Archive for November, 2011

By LAURA BEIL
Published: November 28, 2011

Witness testimony has been the gold standard of the criminal justice system, revered in courtrooms and crime dramas as the evidence that clinches a case.

Yet scientists have long cautioned that the brain is not a filing cabinet, storing memories in a way that they can be pulled out, consulted and returned intact. Memory is not so much a record of the past as a rough sketch that can be modified even by the simple act of telling the story.

For scientists, memory has been on trial for decades, and courts and public opinion are only now catching up with the verdict. It has come as little surprise to researchers that about 75 percent of DNA-based exonerations have come in cases where witnesses got it wrong.

This month, the Supreme Court heard its first oral arguments in more than three decades that question the validity of using witness testimony, in a case involving a New Hampshire man convicted of theft, accused by a woman who saw him from a distance in the dead of night.

And in August the New Jersey Supreme Court set new rules to cope with failings in witness accounts, during an appeal by a man picked from a photo lineup, and convicted of manslaughter and weapons possession in a 2003 fatal shooting.

Rather than the centerpiece of prosecution, witness testimony should be viewed more like trace evidence, scientists say, with the same fragility and vulnerability to contamination.

Why is a witness’s account so often unreliable? Partly because the brain does not have a knack for retaining many specifics and is highly susceptible to suggestion. “Memory is weak in eyewitness situations because it’s overloaded,” said Barbara Tversky, a psychology professor at Columbia University’s Teachers College in New York. “An event happens so fast, and when the police question you, you probably weren’t concentrating on the details they’re asking about.”

Hundreds of studies have cataloged a long list of circumstances that can affect how memories are recorded and replayed, including the emotion at the time of the event, the social pressures that taint its reconstruction, even flourishes unknowingly added after the fact.

While most of us tend to think memory works like a video recorder, it is actually more like a grainy slide show. Lost details, including imaginary ones, often are added later. One of the earliest and more famous experiments to demonstrate that memories are malleable was conducted by Elizabeth Loftus, a psychology professor at the University of California, Irvine, and an early pioneer of witness memory research.

In a 1974 study published in The Journal of Verbal Learning and Verbal Behavior, she asked participants to view films of fender-benders in which no car windows or headlights were broken. Later, the subjects who were asked how fast the cars were going when they “smashed” into each other — as opposed to “hit” — were more likely to report speeding and describe shattered glass they never actually saw.

In another experiment, conducted in Scotland, participants were four times as likely to report a memory of a nonexistent event — in this case, a nurse removing a skin sample from their little finger — if they had been asked to imagine it just one week before. Others in the experiment read a description, but were not asked to picture it happening.

Even the process of police questioning and prepping for trial can crystallize a person’s own faulty reconstruction. In 2000, Dr. Tversky published a series of experiments conducted at Stanford University in the journal Cognitive Psychology. In one, volunteers read profiles of fictitious roommates with both charming and annoying habits; they were then asked to write either a letter of recommendation or letter making a case for a replacement.

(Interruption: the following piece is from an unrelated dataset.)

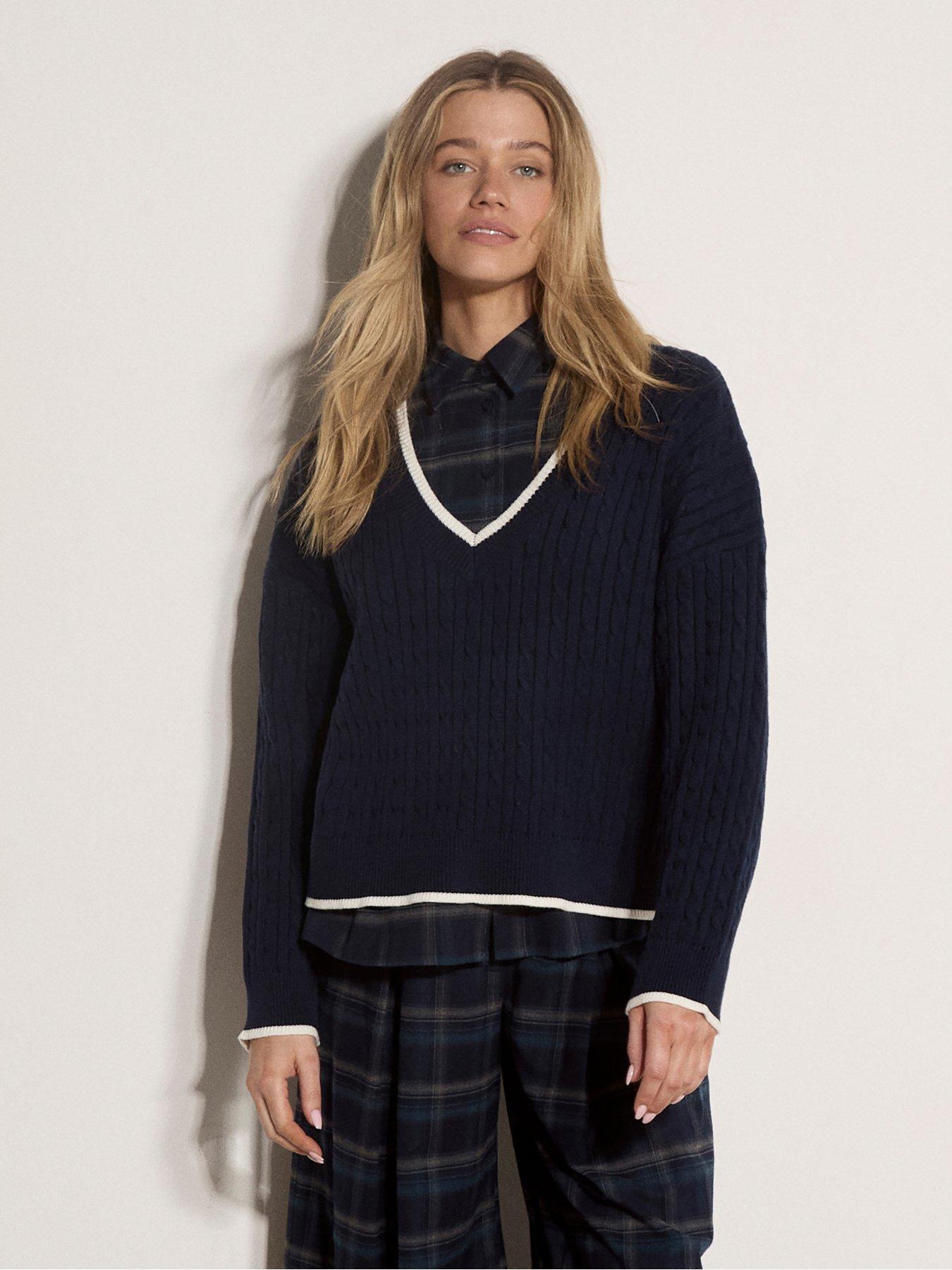 Apricot Apricot V Neck Tipped O/s Cable Jumper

When later asked to repeat the original description, the volunteers’ recollections were skewed by the type of letter they had written. Their minds had shed qualities that didn’t match the first draft of their own recall and had embellished those that did.

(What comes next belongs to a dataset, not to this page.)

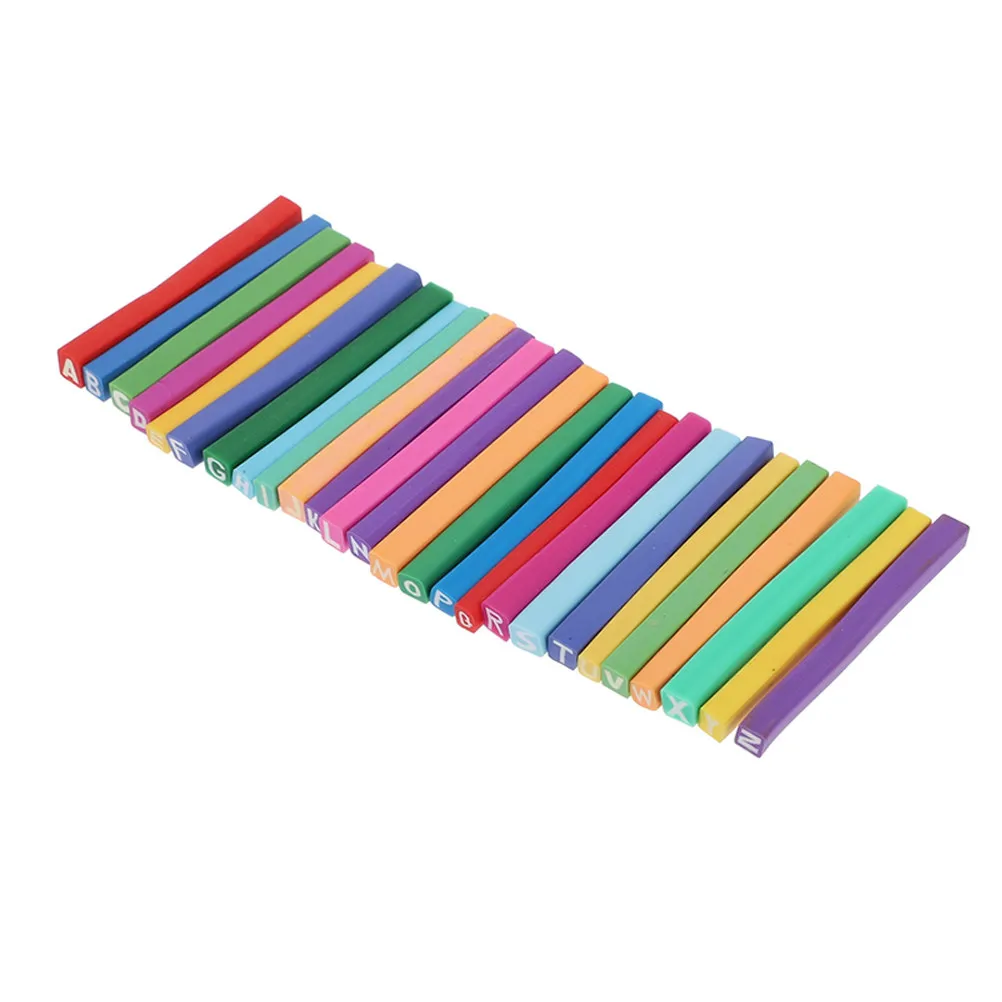 26Pcs Soft Polymer Clay Letters Decor for DIY Hair Accessories Jewelry Making Craft Stickers A-Z Bright Colorful Creative Design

“When we don’t remember, we make inferences,” Dr. Tversky said.

Sometimes we miss details because we weren’t paying attention, but sometimes we are concentrating too hard on something else. Nothing is as obvious as it seems.

Few experiments have demonstrated this more notably than one published in 1999 by researchers at Harvard. Participants watched a video of people dressed in either black or white passing a basketball. The subjects were told to count the number of passes made by players in white.

During the test, a woman in a gorilla suit strolled through the players. She was unnoticed by about half the people who took the test, the researchers found. Distraction is not unique to the eyes. During a meeting of the Psychonomic Society this month, Polly Dalton and colleagues at the University of London presented the audio version of the gorilla test, a 69-second recording of two men and two women preparing for a party. Almost all of the study participants instructed to listen to the women did not hear a third man repeating “I’m a gorilla” for 19 seconds midway through the conversation.

The editing of the past occurs without a person’s realizing what has been forgotten. In court, witnesses are asked to tell the truth and nothing but the truth. They think they do. Whether in a story told in a courtroom or at a dinner table, the mind is sometimes prone to blur the distinction between reality and fantasy. Brain scans taken as people “recall” something they did not actually see have many similarities to the brain dwelling on an actual memory.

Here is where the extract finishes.